Nun musste sie indes feststellen, dass sie sich in der Zwickmühle befand. Ohne Kommandant kein Artikel, und was tat sie in Suhr, wenn sie keinen Artikel darüber schreiben konnte? Aber vielleicht war ja noch nicht alles verloren. Sie beschloss, beim Gemeindehaus anzuklopfen, vielleicht konnte man ihr dort weiterhelfen. Der Weg dorthin stellte sich allerdings als Tortur heraus, denn die Strassen waren komplett vereist. Auf der Höhe der Bibliothek staunte sie nicht schlecht: Da hockte ein Schüler vor etwas, das wie ein Kanu aussah, und schien nicht recht zu wissen, was er mit sich anfangen sollte.
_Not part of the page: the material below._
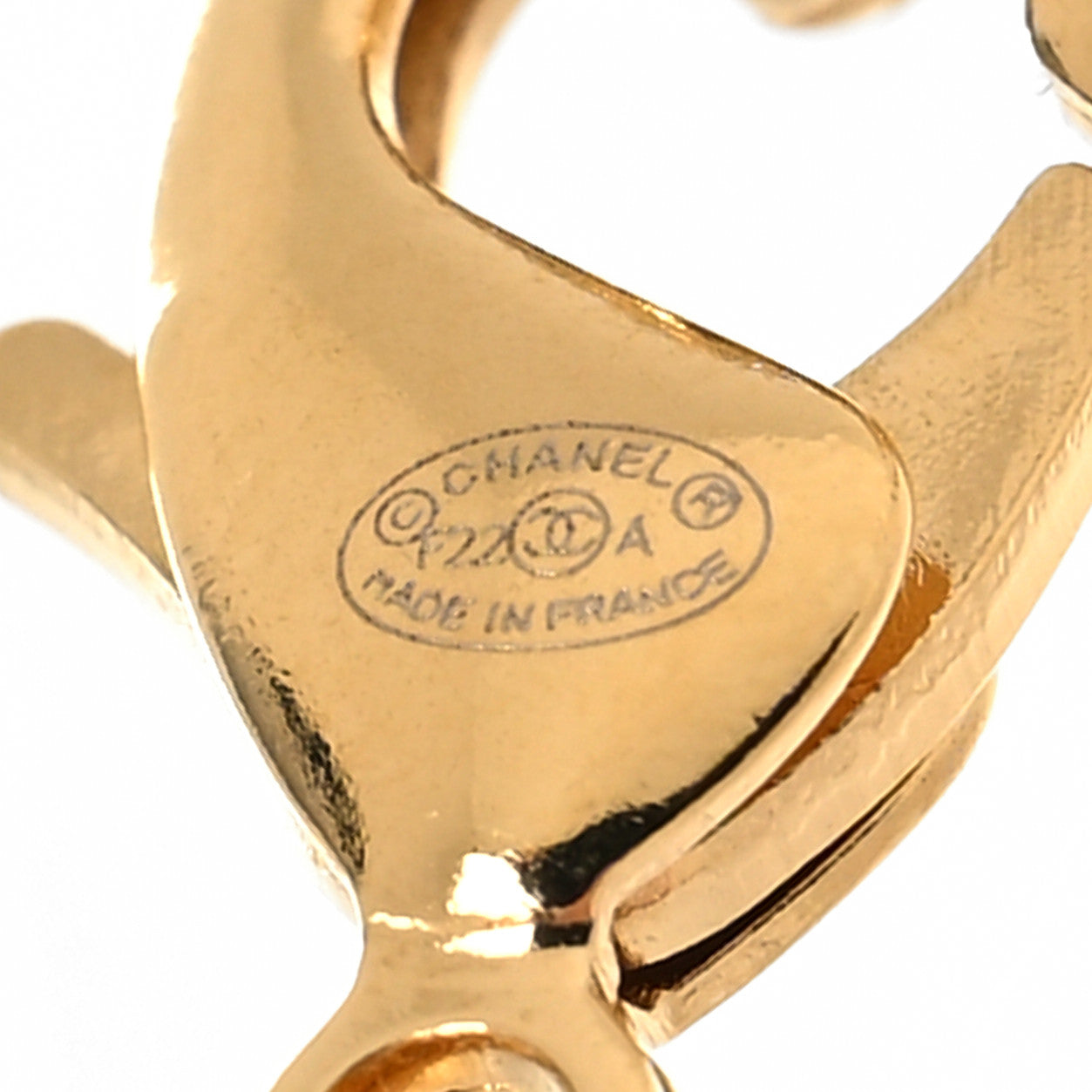 Crystal Chain Link CC Choker Necklace Gold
«Alles in Ordnung?», fragte sie ihn.

«Wer sind Sie? Sind Sie die Wetterhexe?», fragte er zurück.

«Die was?»

«Ich suche die Wetterhexe», erklärte er. «Der Zwerg in der Bibliothek sagte mir, ich würde ihr draussen vor der Tür über den Weg laufen.»

«Ich bin keine Hexe», sagte Frau Schneider. Da erfasste sie ein unbestimmtes Gefühl. Sie wusste zwar nicht warum, aber irgendwie hatte sie die Ahnung, unverhofft einer guten Geschichte auf der Spur zu sein. «Aber wenn du willst, helfe ich dir bei der Suche.»